The 1927 Yankees have the highest OPS differential since 1914. Their batters had an OPS of .872 while their pitching staff allowed .676. That gives them a differential of .196. See my post on The 25 Highest And Lowest Team OPS Differentials From 1914-2014.

Before 1914, we don't know SLG allowed by teams. The Cubs had an OPS of .667 and allowed an OBP of .280. With SLG unknown, we can't get OPS.

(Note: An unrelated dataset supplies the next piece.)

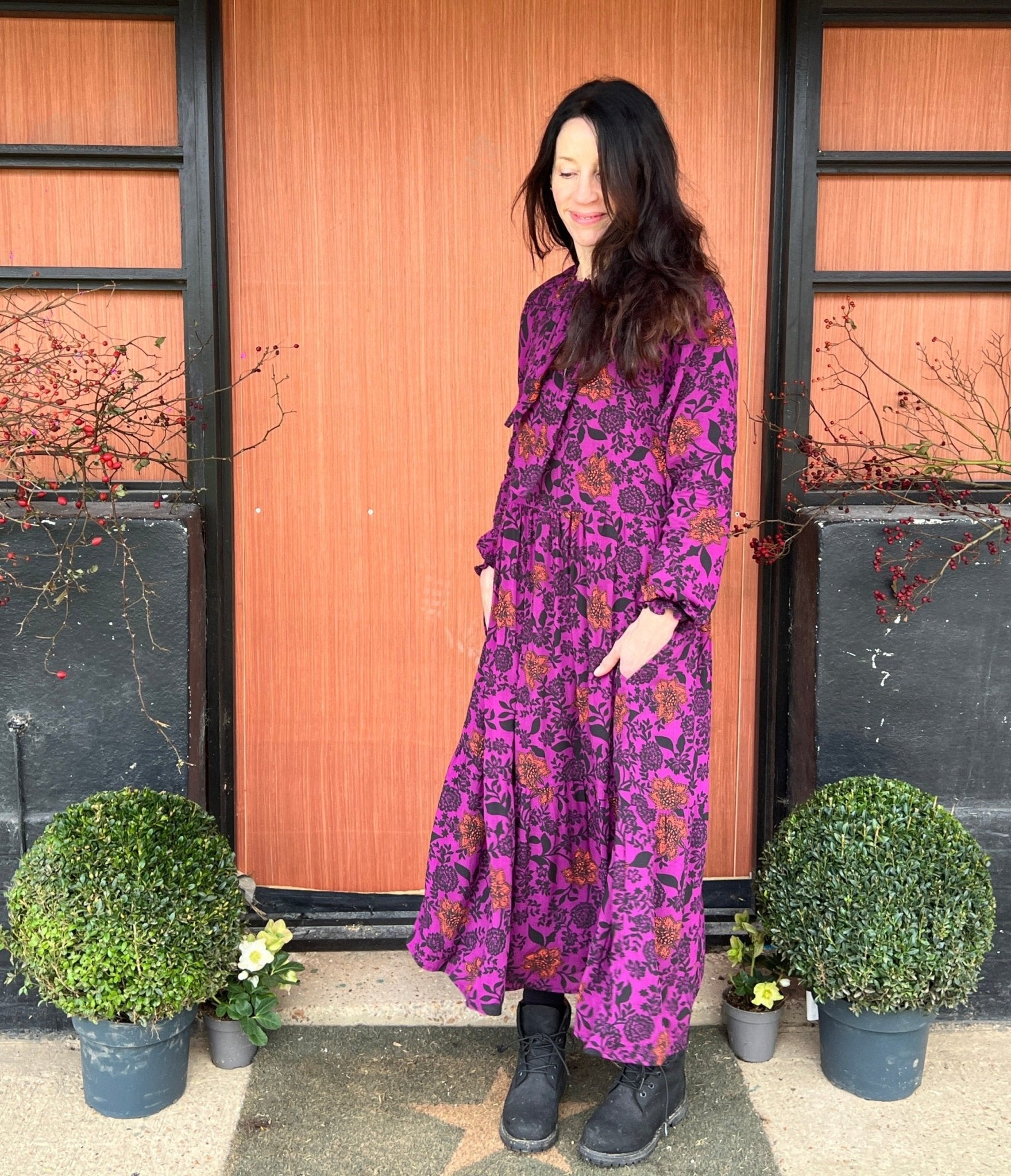 Nova Gown in Magenta Moments - Hanova Studio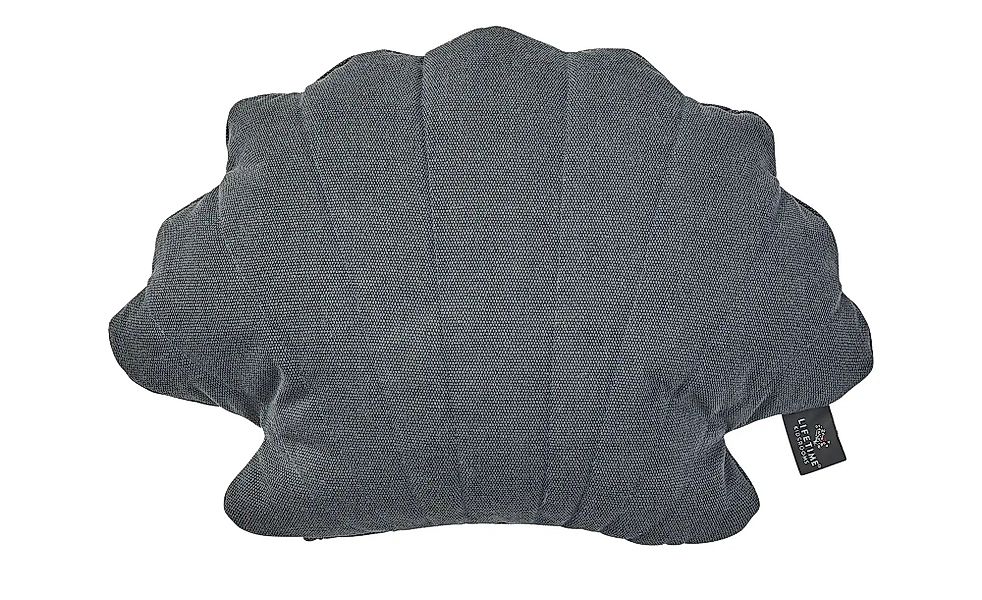 Lifetime Kissen  Muschel Ocean Life ¦ blau ¦ Maße (cm): B: 35 T: 50.0 Dekok günstig online kaufen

But I can estimate it using their AVG allowed (.207) and HR% allowed (.00244 ). I ran a regression using all the MLB teams from 1914-1919 with SLG allowed being dependent on AVG allowed and HR% allowed. Here is the equation

SLG = 2.497*HR% + 1.257*AVG + 0.00264

That predicts that the Cubs would allow .269 and given them an OPS allowed of .549. Then their differential would be .118, far below that of the 1927 Yankees.

Now the team that fell the farthest below their prediction for 1914-19 was the 1919 Giants (.012). That was equal to about 2 standard errors of the regression. Even if we lower the SLG allowed by the Cubs by .012, their OPS differential is .130, still far below that of the 1927 Yankees.

Saturday, October 31, 2015

Wall Street Journal Book Review Seems To Have Error About 1919 White Sox

See Was It So, Shoeless Joe? Here is the letter I sent them:

"David M. Shribman's review of "The Betrayal" by Charles Fountain ("Was It So, Shoeless Joe?" Oct. 31) seems to have a major statistical error. It reads "In the Series they (the White Sox) batted .255, significantly higher than their .215 season average." But Baseball Reference shows the White Sox to have a team batting average of .287 during the 1919 season while batting just .224 during the World Series."